**YOUR TASK:**
Set the records down again in full, exactly as they are, apart from the images.

(Captioned web images)

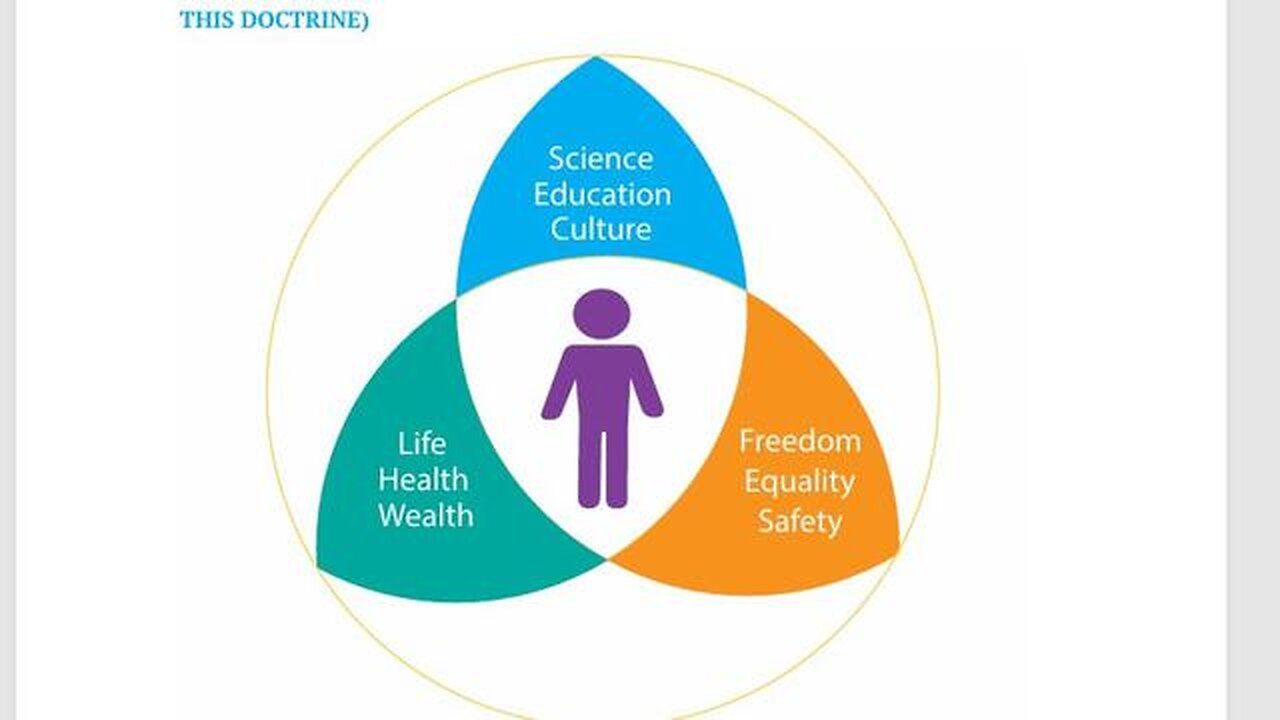 The Digital Slavery System 2030 Agenda - Ukraine is their test model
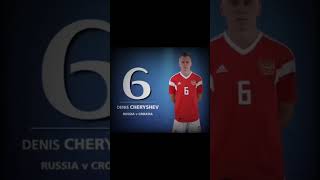 CHERYSHEV ROCKET SHOOT #футбол #soccer #wc2018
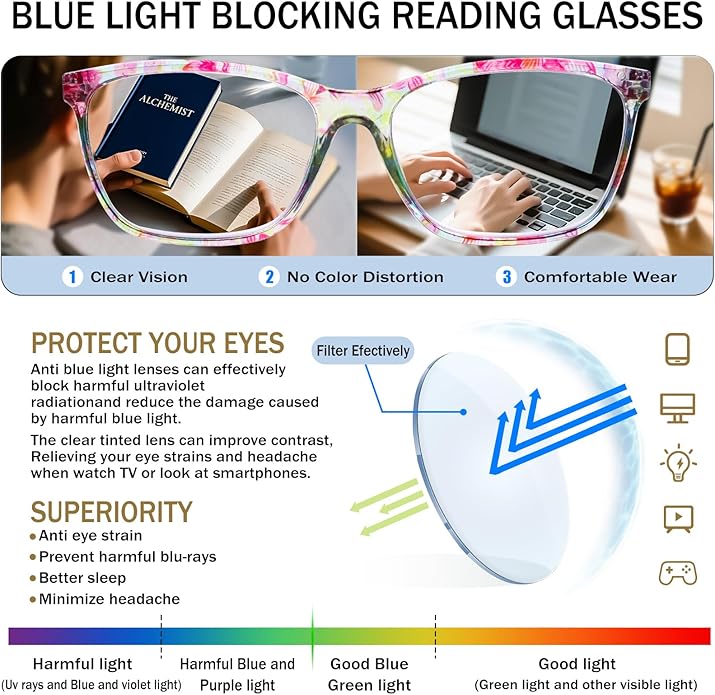 SIGVAN Ladies Reading Glasses Blue Light Blocking Spring Hinge Fashion Pattern Print Eyeglasses for Women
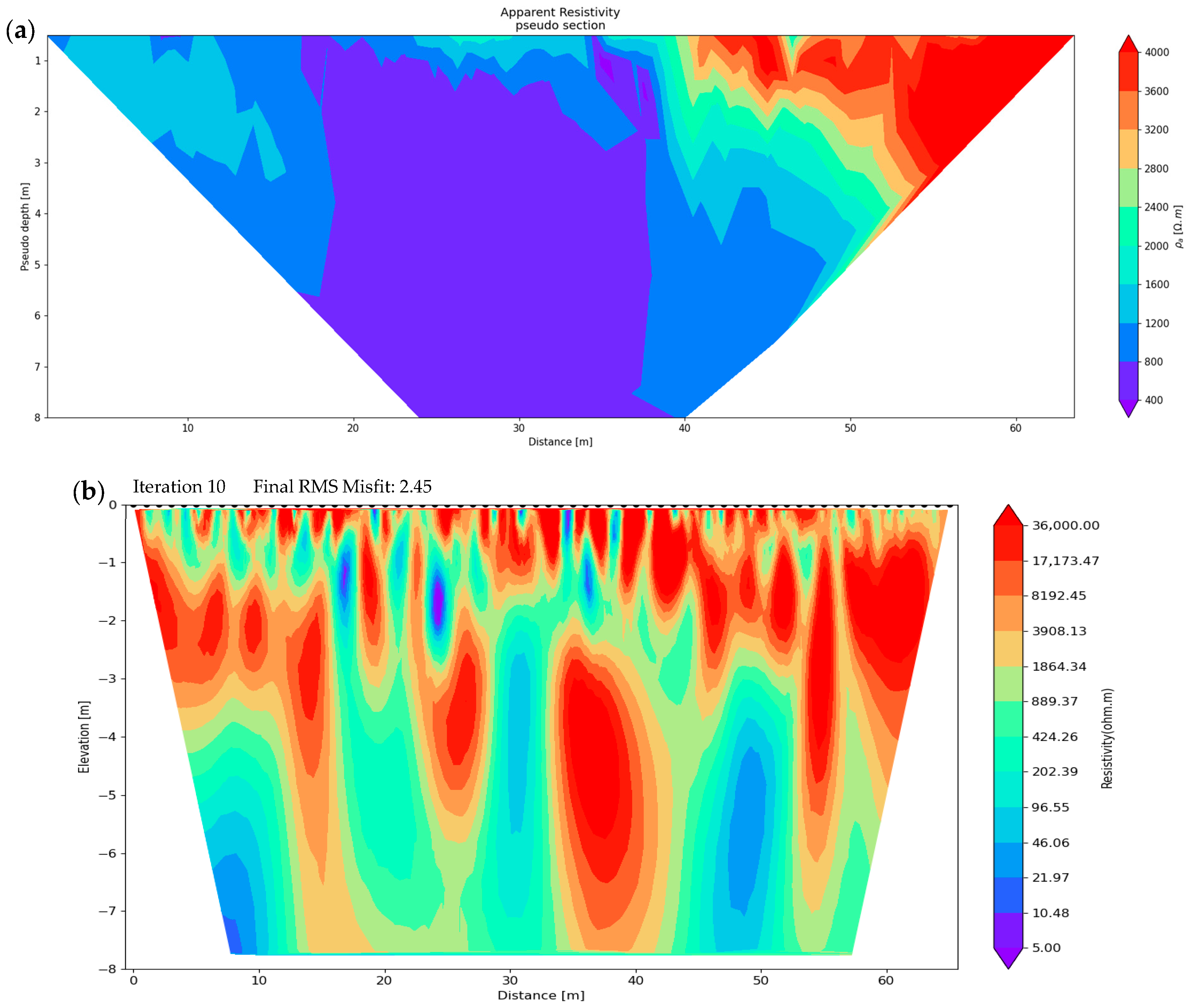 Evaluation of Subsurface Moisture Dynamics and Leakage Pathways Through ...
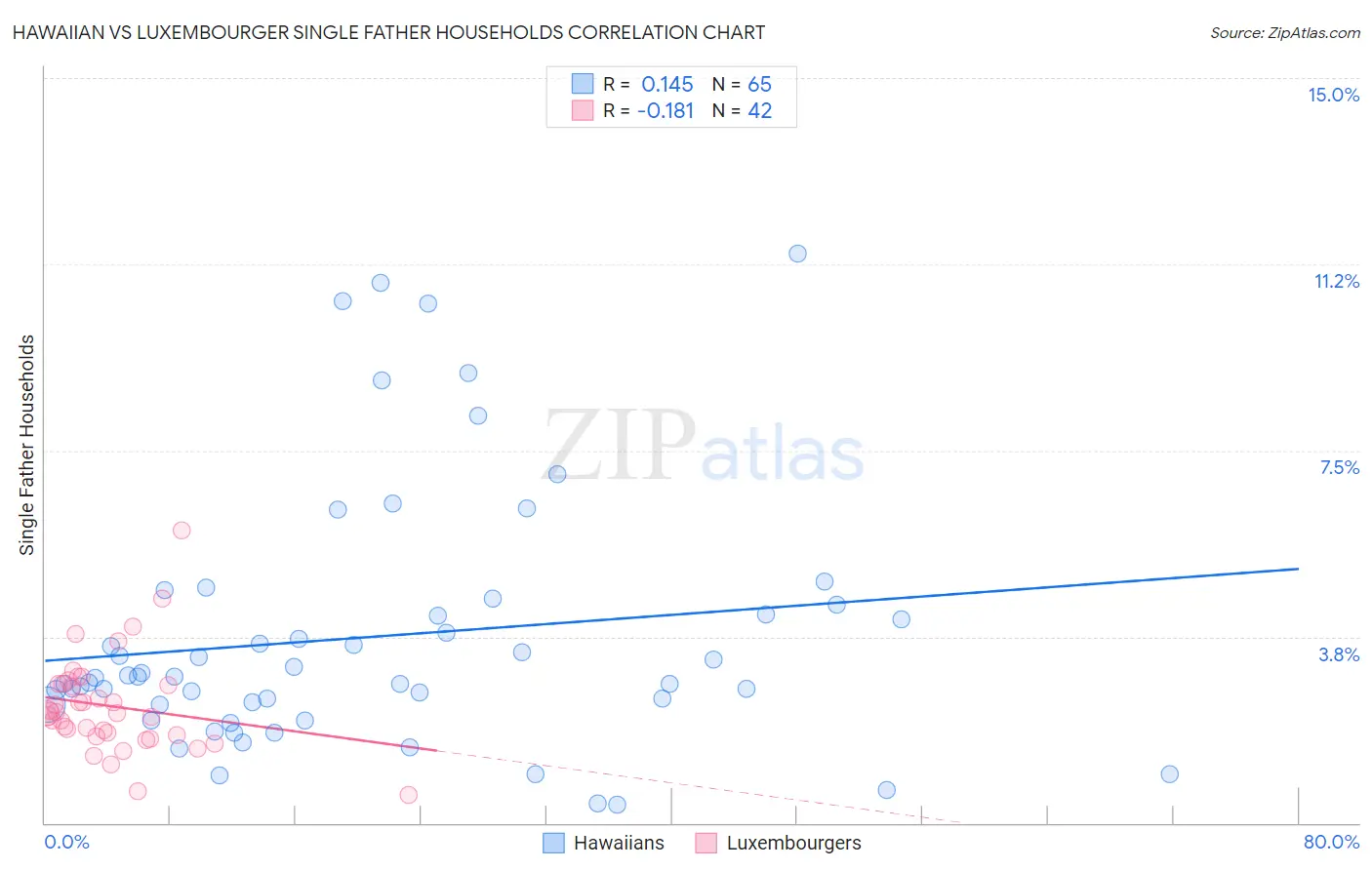 Hawaiian vs Luxembourger Single Father Households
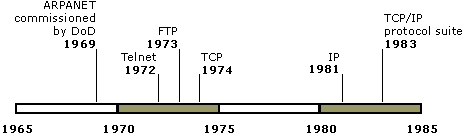 Timeline for TCP/IP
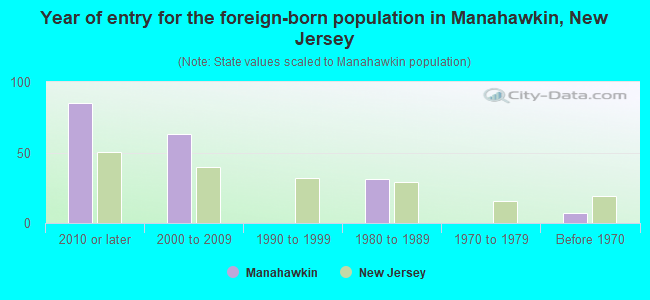 Year of entry for the foreign-born population in Manahawkin, New Jersey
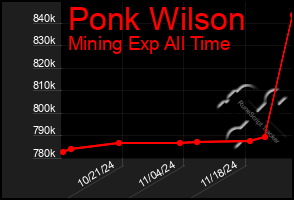 Total Graph of Ponk Wilson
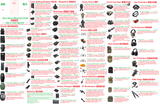 Aliexpress Buyers Guide Side 2 1.03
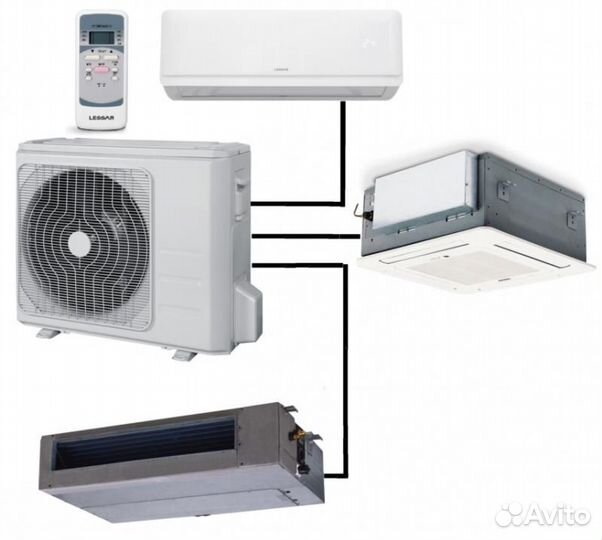 Сплит система полупром кассетный колонный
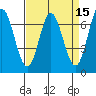Westpoint Harbor tide chart for Friday, April 15, 2022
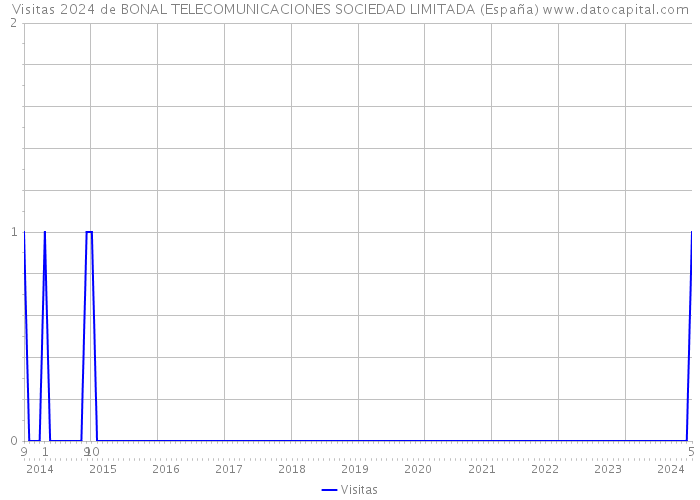Visitas 2024 de BONAL TELECOMUNICACIONES SOCIEDAD LIMITADA (España) 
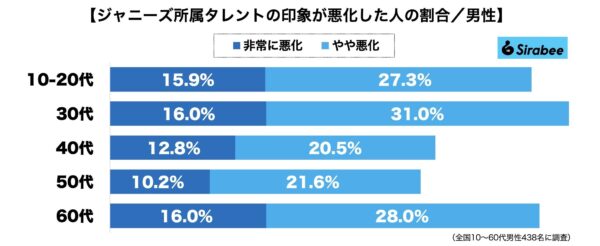 ジャニーズ事務所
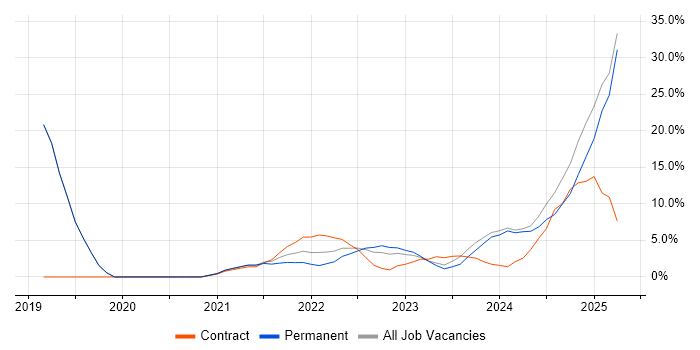 Job vacancy trend for CI/CD in Lanarkshire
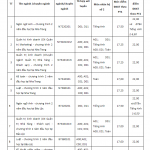 dh-ton-duc-thang-xet-tuyen-bo-sung-dot-2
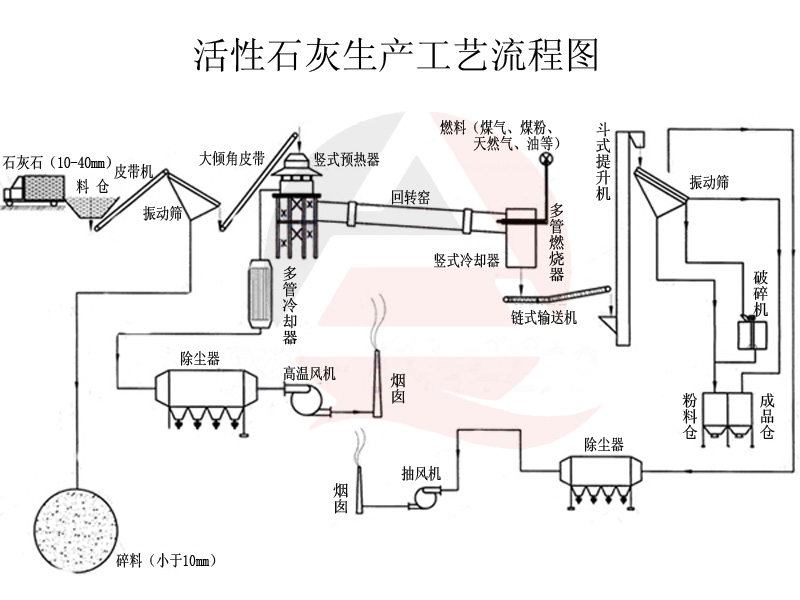 活性石灰生產線工藝流程圖 活性石灰生產線工藝流程圖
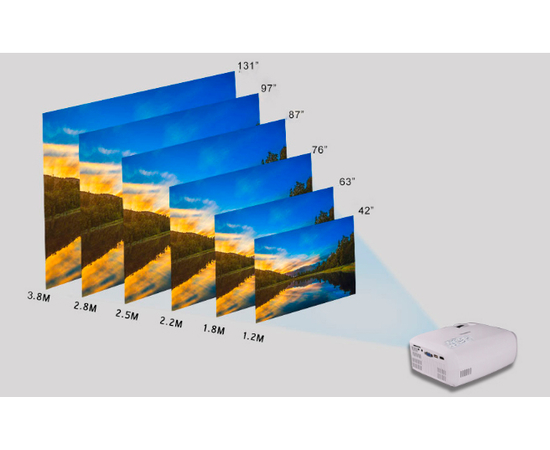 Видеопроектор TouYinger T4, фото , изображение 18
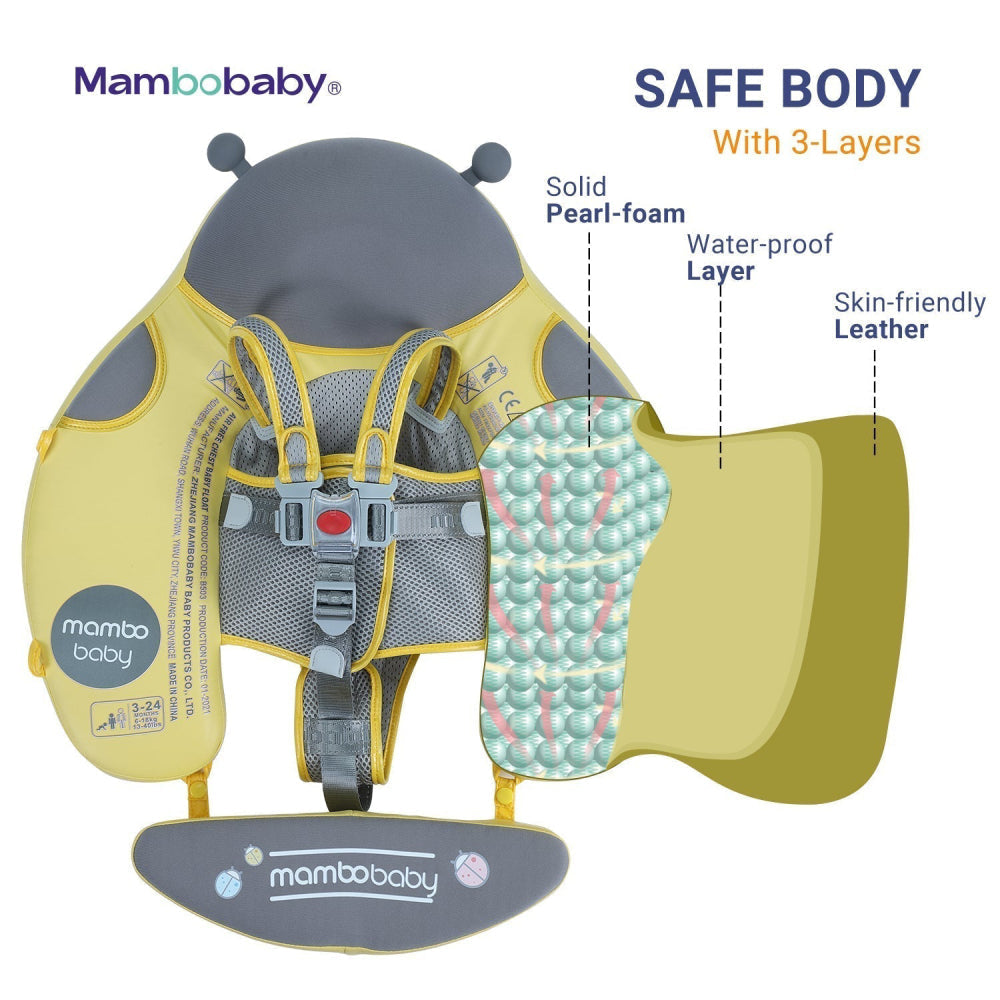 Cross-section detail of the Mambobaby 3-layer safe body featuring skin-friendly tri-layered fabric and PearlFoam.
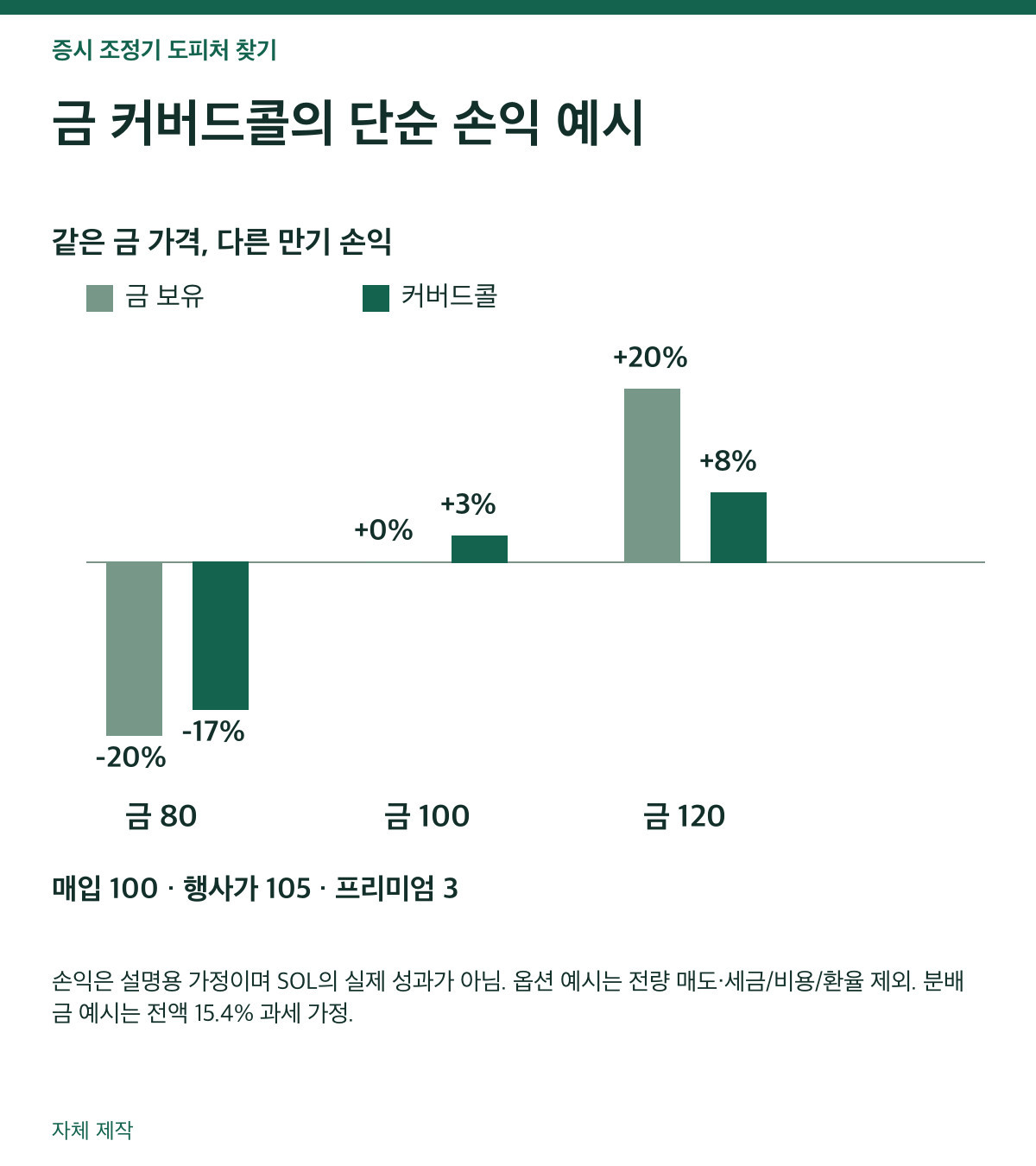 금 커버드콜의 수익 구조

**EXERCISE RESPONSE:**
 The Digital Slavery System 2030 Agenda - Ukraine is their test model
 CHERYSHEV ROCKET SHOOT #футбол #soccer #wc2018
 SIGVAN Ladies Reading Glasses Blue Light Blocking Spring Hinge Fashion Pattern Print Eyeglasses for Women
 Evaluation of Subsurface Moisture Dynamics and Leakage Pathways Through ...
 Hawaiian vs Luxembourger Single Father Households
 Timeline for TCP/IP
 Year of entry for the foreign-born population in Manahawkin, New Jersey
 Total Graph of Ponk Wilson
 Aliexpress Buyers Guide Side 2 1.03
 Сплит система полупром кассетный колонный
Westpoint Harbor tide chart for Friday, April 15, 2022
Visitas 2024 de BONAL TELECOMUNICACIONES SOCIEDAD LIMITADA (España) 
 ジャニーズ事務所
 Job vacancy trend for CI/CD in Lanarkshire
 dh-ton-duc-thang-xet-tuyen-bo-sung-dot-2
 活性石灰生產線工藝流程圖 活性石灰生產線工藝流程圖
 Видеопроектор TouYinger T4, фото , изображение 18
 Cross-section detail of the Mambobaby 3-layer safe body featuring skin-friendly tri-layered fabric and PearlFoam.
 금 커버드콜의 수익 구조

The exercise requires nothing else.